O levantamento também aponta que mais da metade dos entrevistados, precisamente 51,8%, avaliam o governo como “ruim” ou “muito ruim”. Em contrapartida, apenas 24,6% o consideram “bom” ou “excelente”. Essa percepção negativa reflete um período turbulento marcado por crises políticas, denúncias de corrupção e o impacto das políticas de austeridade implementadas pela gestão Milei.
De acordo com a pesquisa, os principais problemas que afligem os argentinos são a corrupção (50,8%), o desemprego (33,2%) e a inflação (30,8%). Escândalos recentes envolvendo figuras próximas ao presidente, incluindo sua irmã e assessora Karina Milei, minaram a confiança do eleitorado e enfraqueceram o discurso anticorrupção de Milei.
A insatisfação com a economia é palpável, com 68% dos entrevistados acreditando que o país está em uma situação desfavorável sob a gestão Milei.
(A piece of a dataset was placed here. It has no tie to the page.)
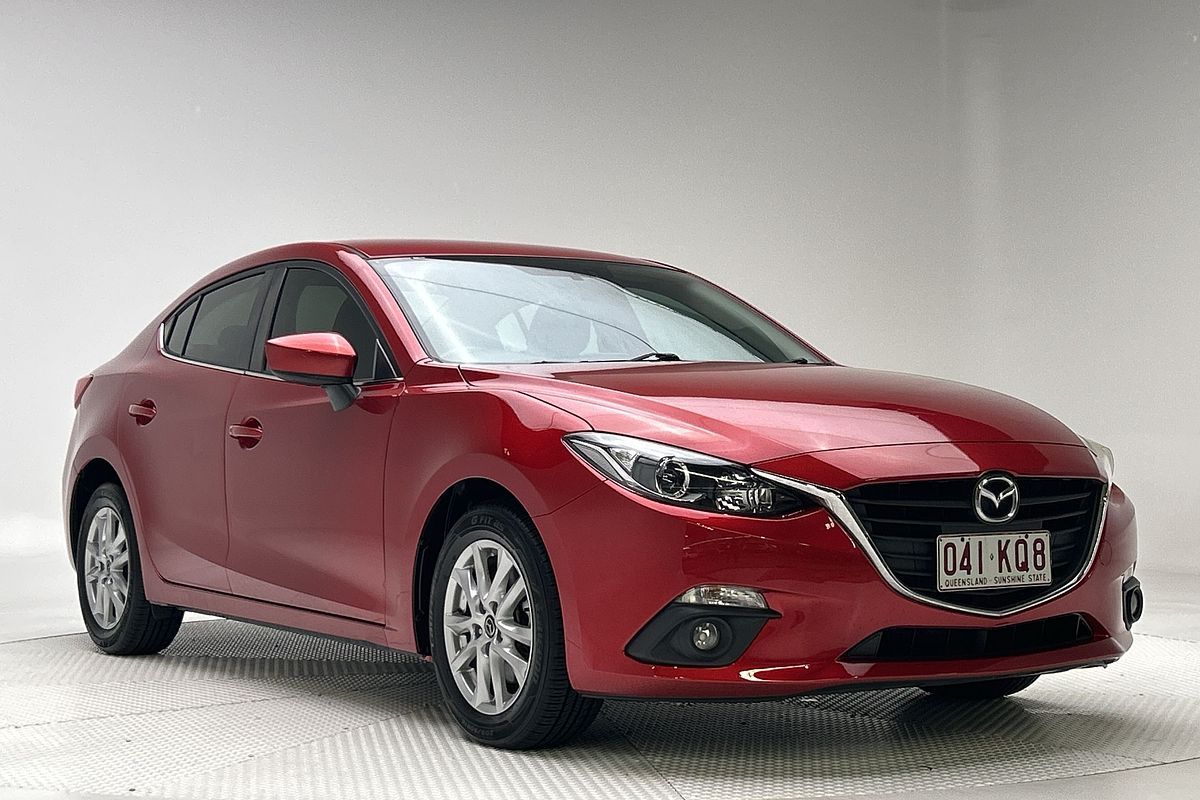2015 Mazda 3 Touring BM Series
Além disso, 70% percebem uma piora no mercado de trabalho, e 51% avaliam negativamente a situação financeira de suas famílias. Este cenário desafiador lança uma sombra sobre as eleições legislativas.
As eleições de domingo definirão a composição do Congresso Nacional, com a renovação de metade das cadeiras da Câmara dos Deputados e um terço do Senado. Atualmente, o partido de Milei detém apenas uma pequena representação em ambas as casas, o que dificulta a aprovação de reformas econômicas ambiciosas. A votação será um teste crucial para o governo, que enfrenta resistência interna e acusações de aprofundar a desigualdade e enfraquecer políticas sociais.
Apesar do apoio dos Estados Unidos e de investidores internacionais, Milei insiste que as medidas de ajuste são essenciais para a “reconstrução da Argentina”. No entanto, o resultado das eleições permanece incerto, com pesquisas indicando uma disputa acirrada entre o partido do presidente e a coalizão peronista, especialmente na província de Buenos Aires. A pesquisa AtlasIntel ouviu 6.526 eleitores entre 15 e 19 de outubro, com uma margem de erro de um ponto percentual.